Putting It All Together

As you can see, I tried to keep the .travis.yml file as simple as possible so that each contrib maintainer just has to change the names of the modules they want to install, the Behat tags they want to include or exclude, and the SimpleTest classes they wish to run.

All of the other code needed to run the tests, Backdrop core and the other necessary contrib modules, are cloned down from the respective dev branches, partially due to fact that drush dl has an issue with downloading contrib modules and partially because I thought developing off of the dev branches of the projects would be more insightful than using their last release. Granted, some contrib modules won’t update before you make your next release, but Backdrop core definitely will update on the quarterly release schedule so keeping up with the HEAD of the dev branch makes sense.

Final Example

I just got a clone of the XML Sitemap module working using the starter template, but some of the Sitemap module tests need updating. I ended up having to pull the scripts used for the test run out into their own repo. The idea being that the scripts can be updated and modified without having to have each contrib project update its testing files and structure each time a script needs to be updated.

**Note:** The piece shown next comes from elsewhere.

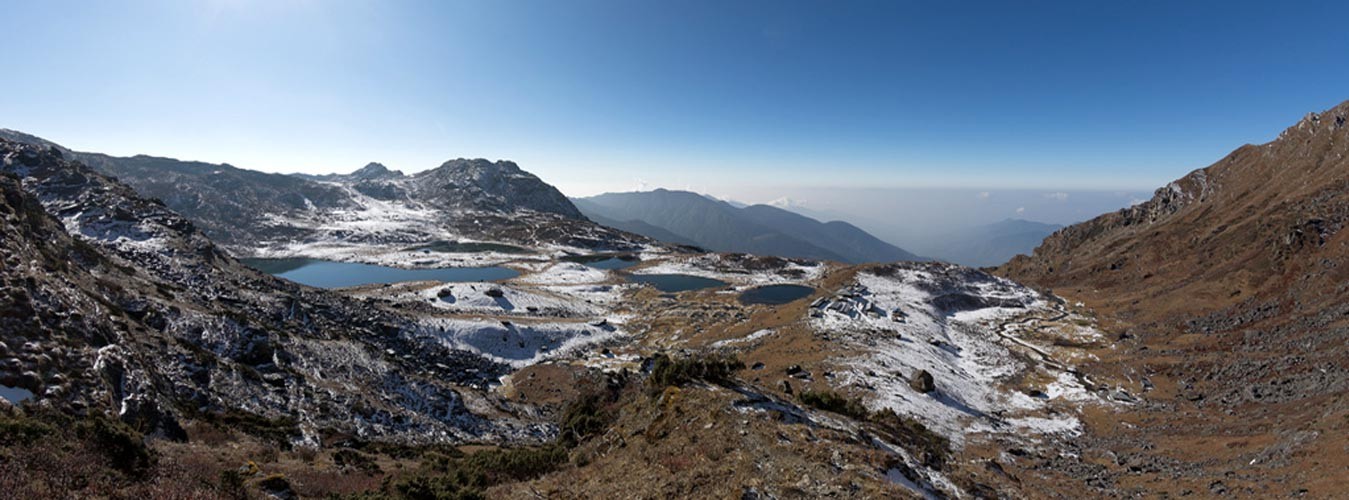 Panch-Pokhari Lake Trek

One repo, the “testing starter template” holds an example .travis.yml file, the local users module, a sample Behat and SimpleTest, and instructions on how to install the template. The other “testing starter scripts” repo holds the scripts needed to build the codebase, install a site and modules, and then run the Behat and SimpleTests. I tried to separate the scripts into reasonable chunks for better maintainability, but I’d like some feedback on the project before trying to stamp it on more Backdrop contrib modules.